VoVAllen / tf-dlpack

DLPack for Tensorflow
Apache License 2.0
36 stars 4 forks source link

Several TODO tasks #1

Closed jermainewang closed 4 years ago

jermainewang commented 4 years ago

@VoVAllen

Also, what's the problem of inheriting TF's allocator?

VoVAllen commented 4 years ago

I just fixed FromDLPack (https://github.com/VoVAllen/tf-dlpack/blob/master/src/from_dlpack_kernel_copy.cc#L67)

The problem is the output tensor has to be create with context->allocate_output at here. There's no problem inheriting TF's allocator, and it works well. But you cannot set the tensor created with new Tensor(allocator...) as the output. All context function can be found here. set_output will copy the tensor(created with new Tensor), and set_output_ref is not supported in tf 2.0.

VoVAllen commented 4 years ago

Also I found pytorch will also copy the from_dlpack tensor when doing further computation. You can verify this with cupy's dlpack. Allocate a big enough tensor and send to torch with dlpack. You would find no copy is invoked when torch.utils.data.from_dlpack. But when you print it or doing other operation on it(such as b=a+1), it will copy the tensor. (You can see memory doubled with nvidia-smi)
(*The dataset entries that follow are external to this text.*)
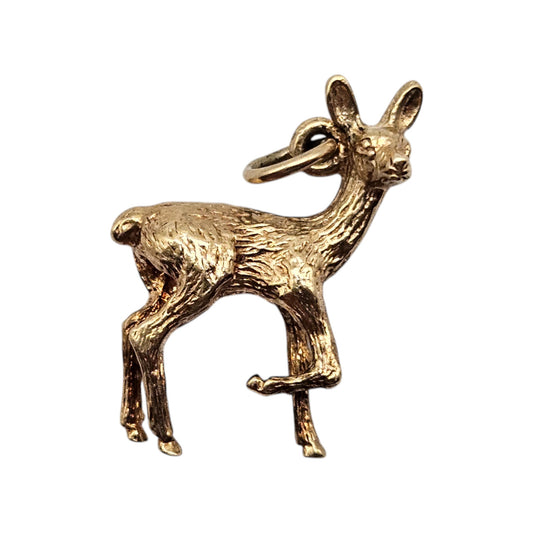 9ct 375 Yellow Gold Deer Bambi Charm 1978 L 2.2 cm 3.5 g.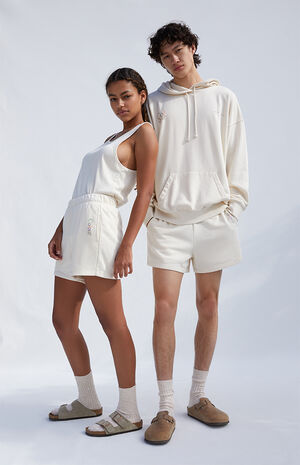 Eco Off White Slim Sweat Shorts Eco Off White Slim Sweat Shorts image number null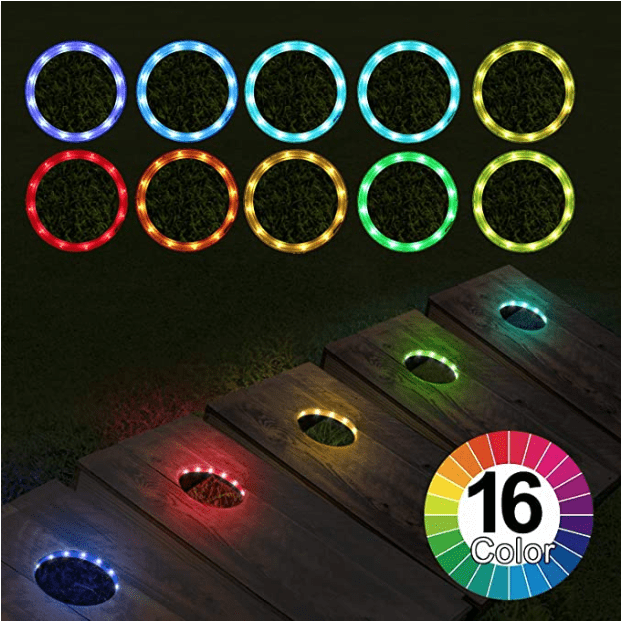 LED Cornhole Lights RGB 16 Colors Change Cornhole Board Edge and Ring Lights ...
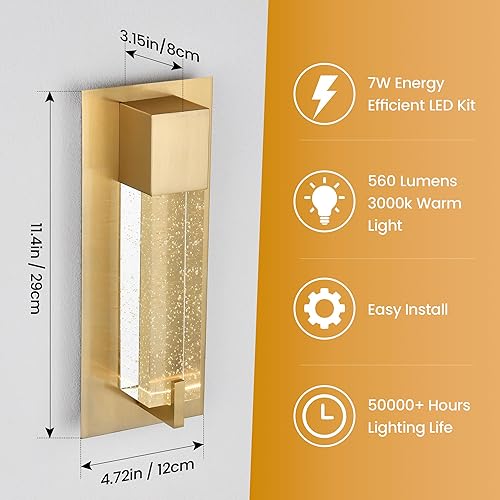 Miniatura 2 de WOSHITU Apliques de iluminación de pared para baño, pasillo, interior, dorado, moderno, con cristal de burbujas de cristal, lámpara LED de montaje
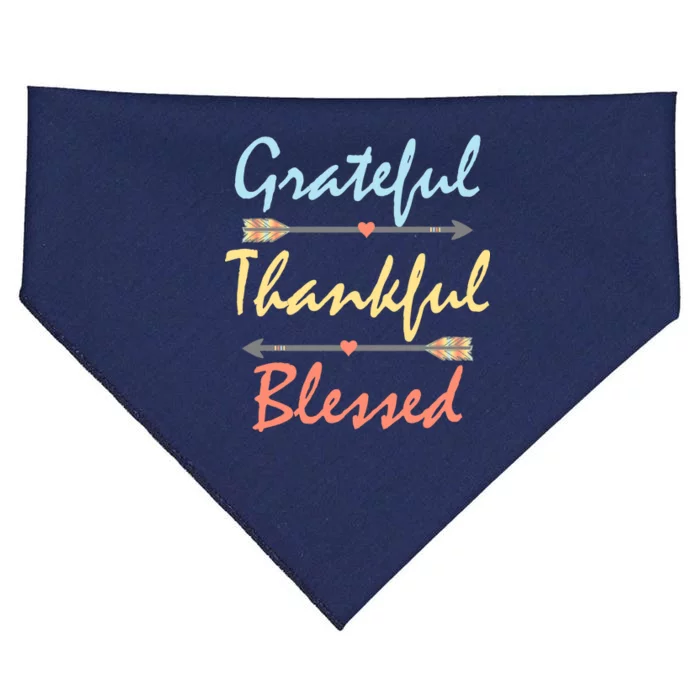 Grateful Thankful Blessed Colorful Thanksgiving USA-Made Doggie Bandana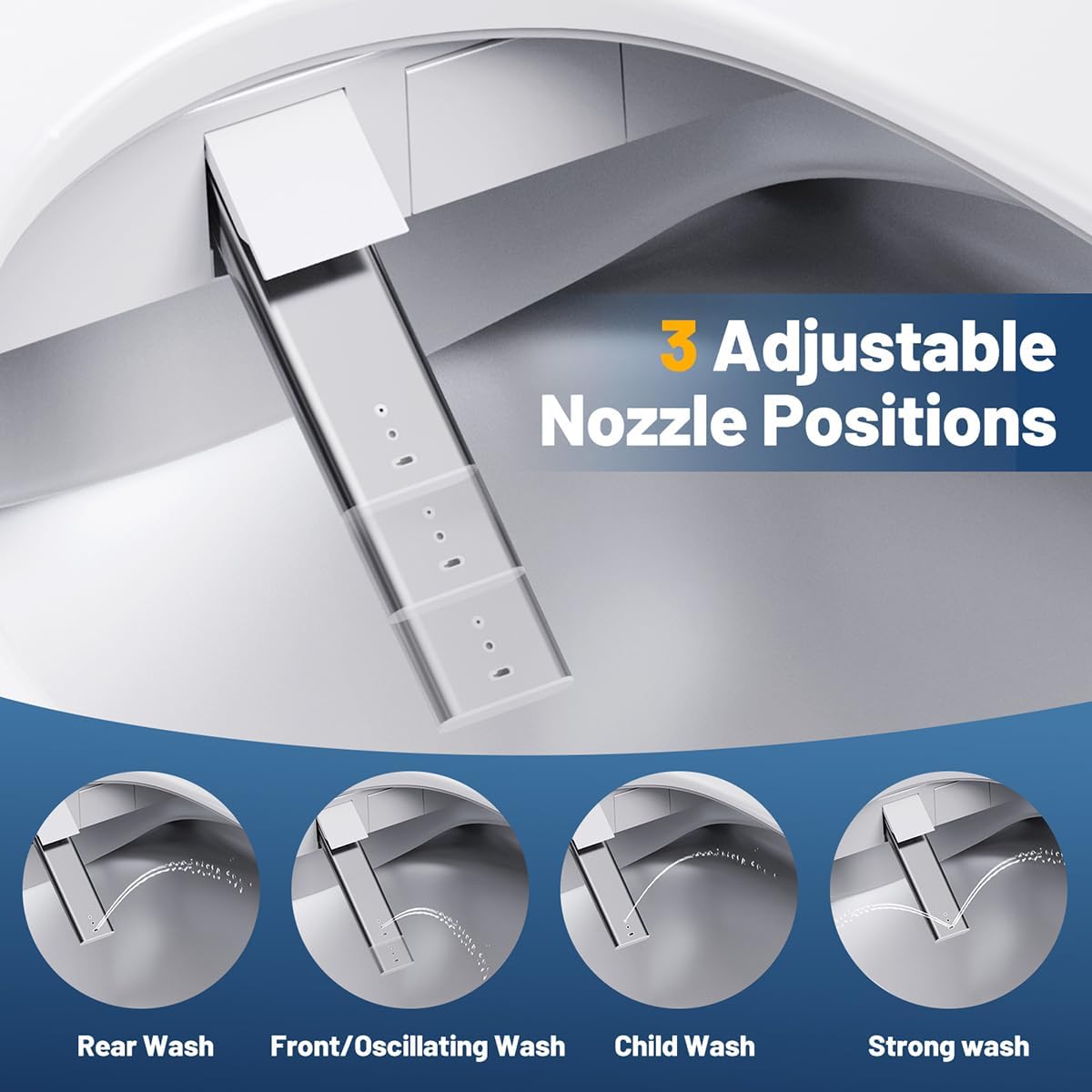 Bidet Toilet Seat, Electric Smart Heated Toilet Seat Elongated with Instant Warm Water & Dryer, Feminine & Front Rear Wash, Self-Clean Nozzle, Soft Closed Toilet Lid, Night Light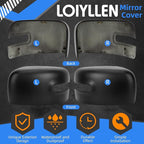 Driver & Passenger Side Mirror Cover Replacement for Jeep Renegade 2015 2016 2017 2018 2019 - Left & Right Side Mirror Covers, Rear View Mirror Cap Accessories Textured, With Lamp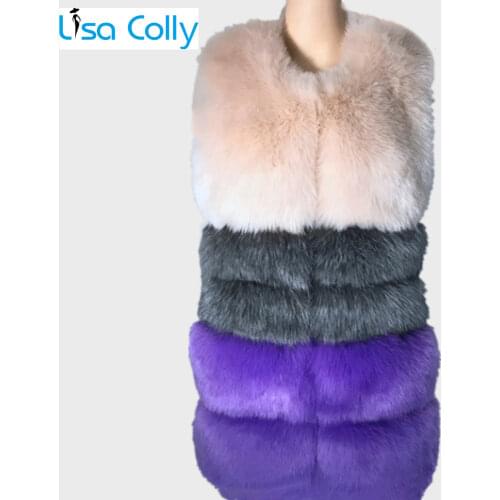 2020 Women Winter Sleeveless Faux Fur Vest Coat Faux Fox Fur Vest Warm Fox Artifical Fur Waistcoat Middle Long Fur Vest Coat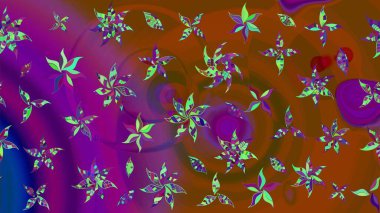 Küçük çiçekteki sevimli çiçek deseni. Kahverengi ve mor renkte çiçekler.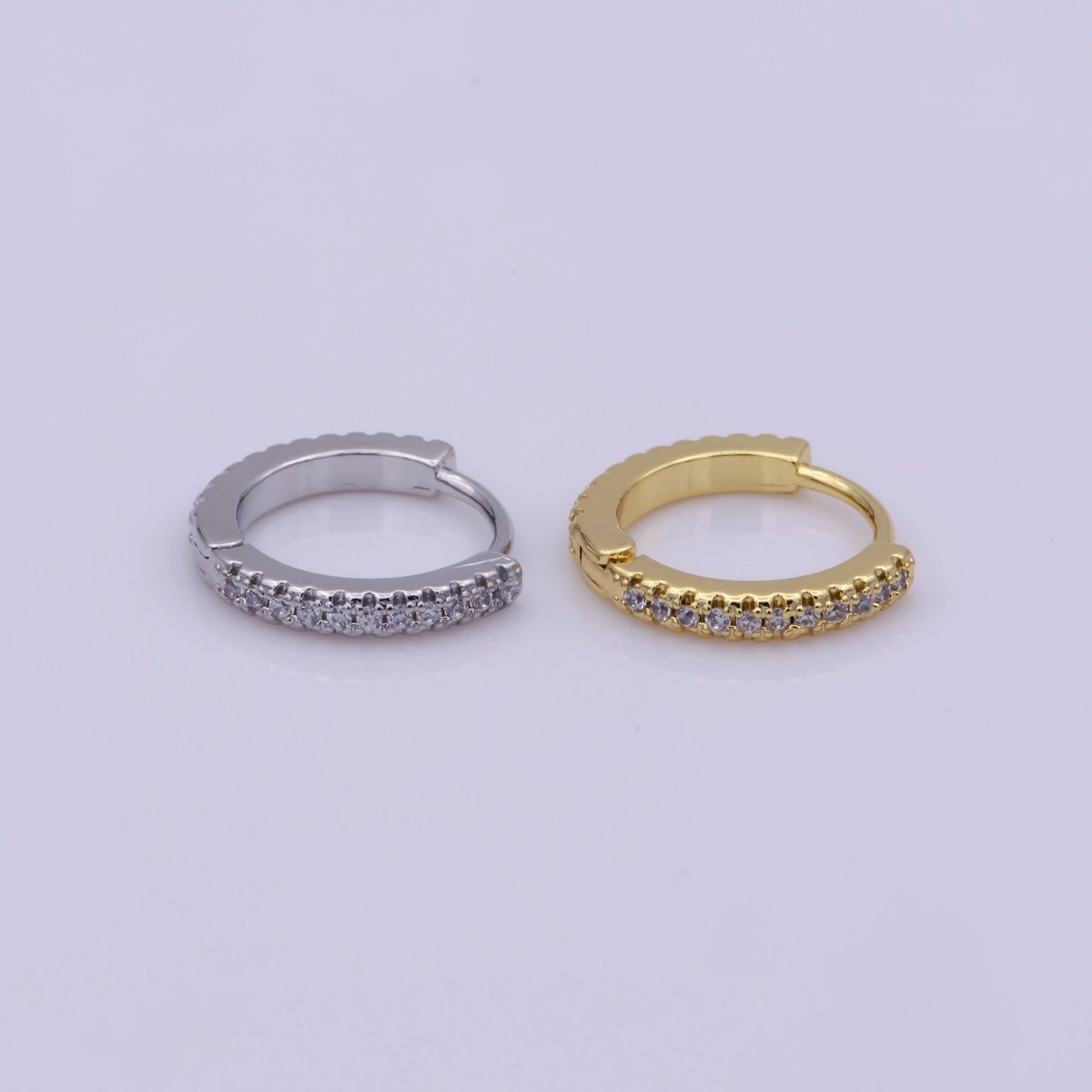 24K Gold Filled 15mm Micro Paved CZ Huggie Earrings in Gold & Silver | AB1186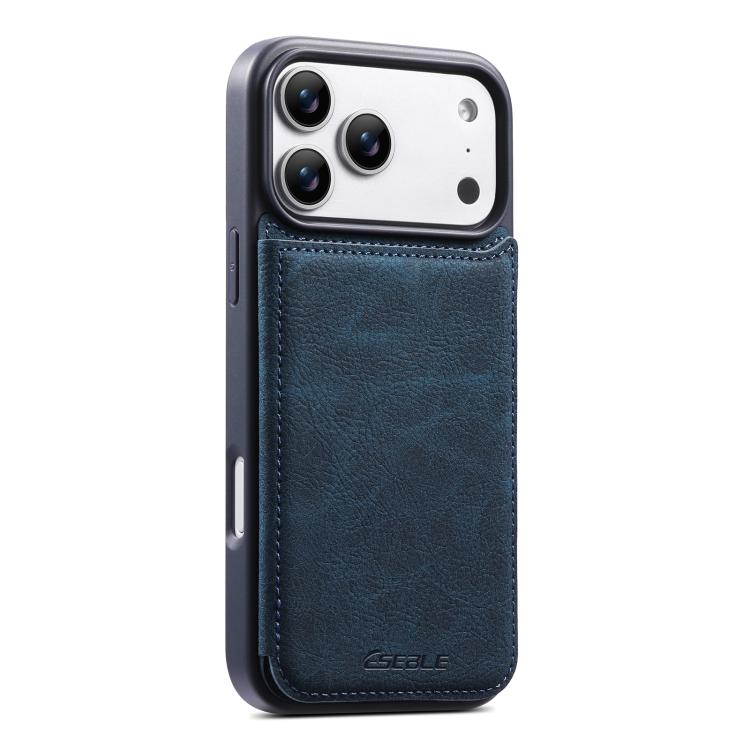 Custodia per telefono ESEBLE con doppia fibbia e texture retrò e scomparto per carte di credito., For iPhone 17e / 16e, For iPhone 17 Pro Max, For iPhone 17 Pro, For iPhone 17, For iPhone Air, For iPhone 16 Pro Max, For iPhone 16 Pro, For iPhone 16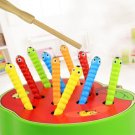 Red Apple Catch Worm Kids Game Magnetic Strawberry Apple Educational Wooden Game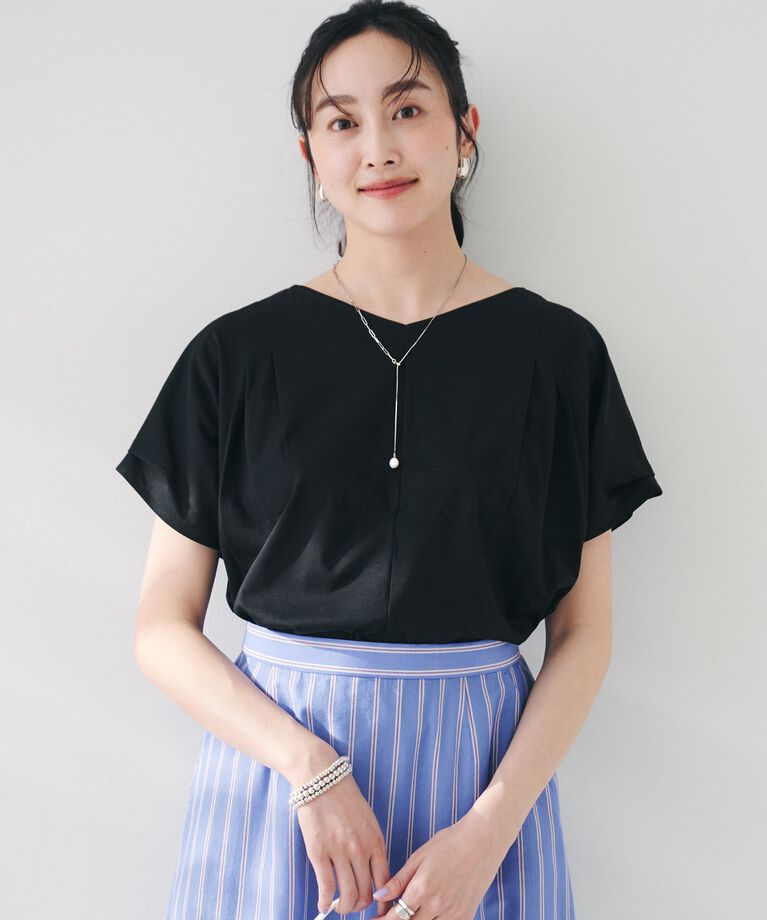 UNTITLED「【洗える】タック入りフレンチスリーブプルオーバー」|Tシャツ・カットソー|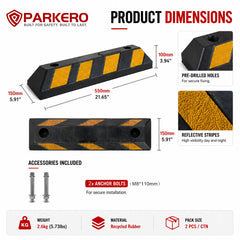 2PCS Rubber Wheel Stops, 550mm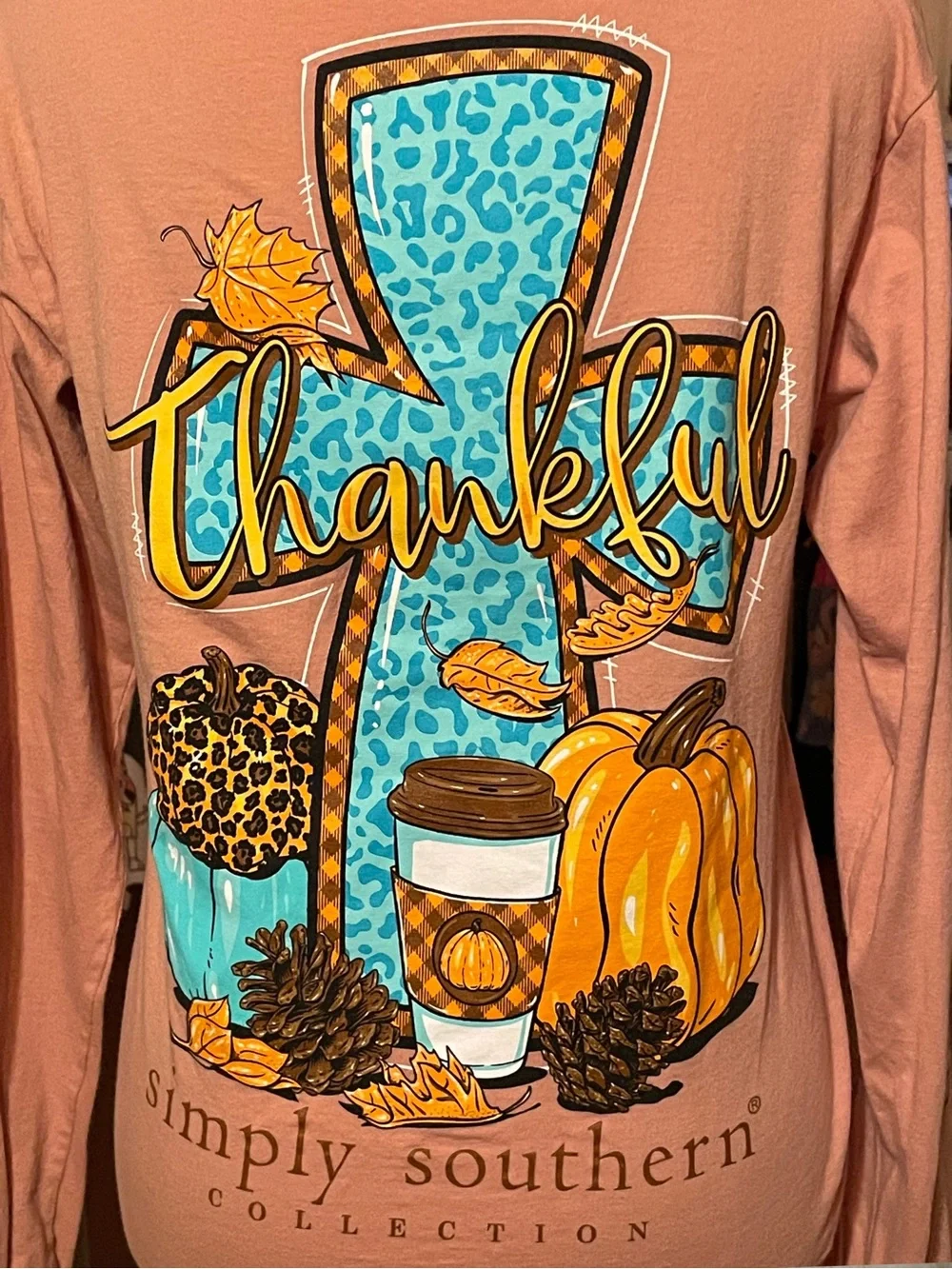 SIMPLY SOUTHERN Women’s Small Long Sleeve T-Shirt Thankful Pumpkin Fall Peach - Picture 6 of 9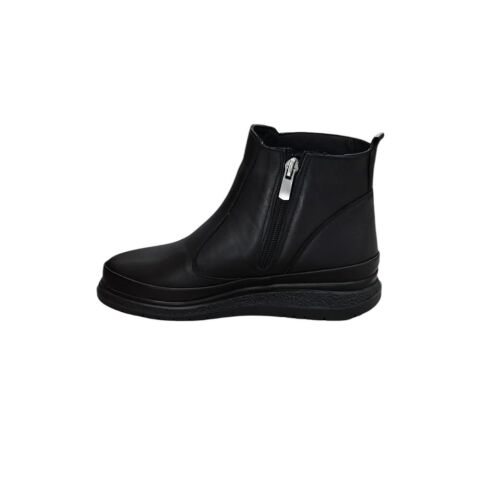 ÇALIŞIR Kadın Fermuarlı Bot B236 Siyah Deri - 41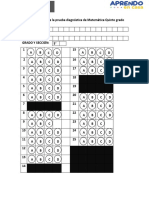 5° Ficha de Respuesta de La Prueba Diagnóstica de Matemática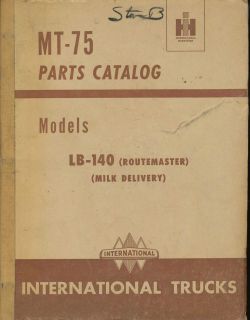 1950 IH INTERNATIONAL TRUCK PARTS CATALOG MANUAL MT75 LB14 MILK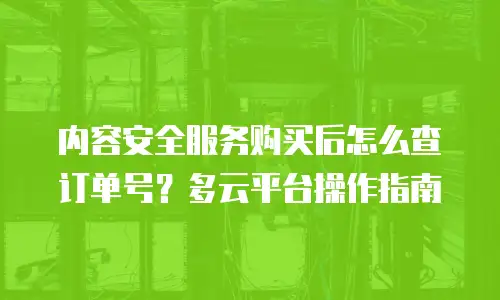 内容安全服务购买后怎么查订单号？多云平台操作指南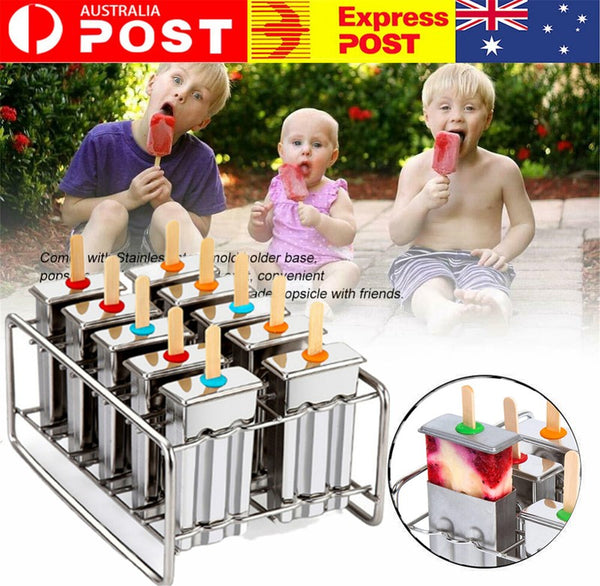 6pcs/10pcs Popsicle Molds Ice Lolly Mould Stainless Steel Ice Cream Holder Maker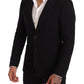 Dolce & Gabbana Black Cotton Slim Fit Coat Jacket  Blazer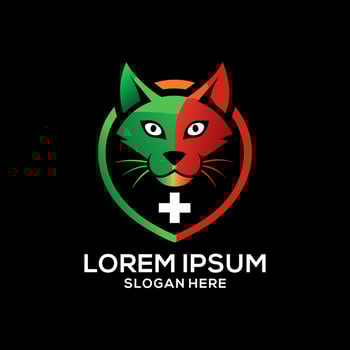 Cat health care logo. Cat logo. Cat care center logo for business. vector
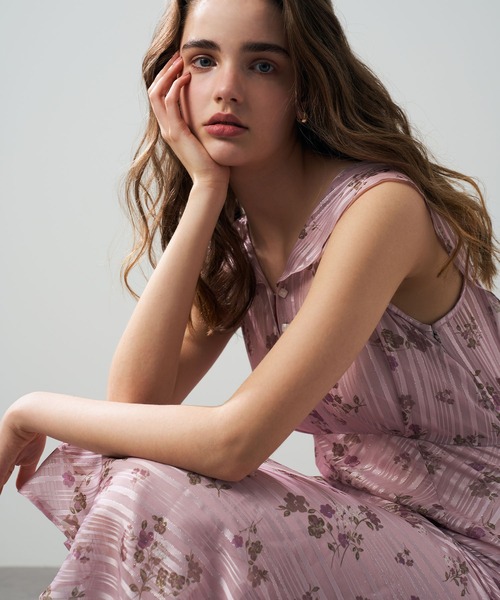 ラメストライプブーケワンピース（ワンピース）｜ME COUTURE（ミー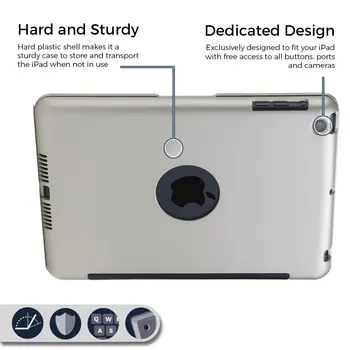 Za ipad Mini2 Primeru Brezžično Bluetooth Tipkovnico Za iPad Mini 1 2 3 za Celotno Telo, Zaščitna Prenosna Tipkovnica Primeru Stojalo Smart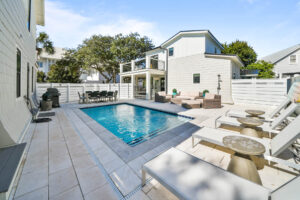 The pool area of one of the rentals in Panama City Beach.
VoVAllen commented 4 years ago

Currently I tested scope with https://github.com/VoVAllen/tf-dlpack/blob/master/test/test_to_dlpack.py#L5.

jermainewang commented 4 years ago

Also I found pytorch will also copy the from_dlpack tensor when doing further computation. You can verify this with cupy's dlpack. Allocate a big enough tensor and send to torch with dlpack. You would find no copy is invoked when torch.utils.data.from_dlpack. But when you print it or doing other operation on it(such as b=a+1), it will copy the tensor. (You can see memory doubleed with nvidia-smi)

Shouldn't the memory be doubled since b is a new tensor?

VoVAllen commented 4 years ago

No. if you do b=a+1, the memory triples.

jermainewang commented 4 years ago

That might be a problem. DGL uses DLPack a lot. Could you try locate the code to double check?

VoVAllen commented 4 years ago

Update: I checked your implementation, it seems zero copy based on gpu memory usage. And I just change file at my side. Test file: https://github.com/VoVAllen/tf-dlpack/blob/master/test/test_zero_copy.py

Also I found way to avoid cudaMemcpy in to_dlpack. Therefore we don't need cuda runtime anymore. The cuda dependency is removed.

But calling deleter in DeallocateRaw still leads to core dump. I'm trying to figure out why.

C++ code is almost done. Could you help check whether the libpath in setup.py works?

VoVAllen commented 4 years ago

I'm working on test, lint and CI now.

VoVAllen commented 4 years ago

But calling deleter in DeallocateRaw still leads to core dump. I'm trying to figure out why.

I forgot to set capsule's deconstructor. Should be fixed now.

VoVAllen commented 4 years ago

test和lint都搞好了,就差CI了

jermainewang commented 4 years ago

Missing license file. Does TF use Apache 2.0?

VoVAllen commented 4 years ago

Yes. I added the apache license to our repo.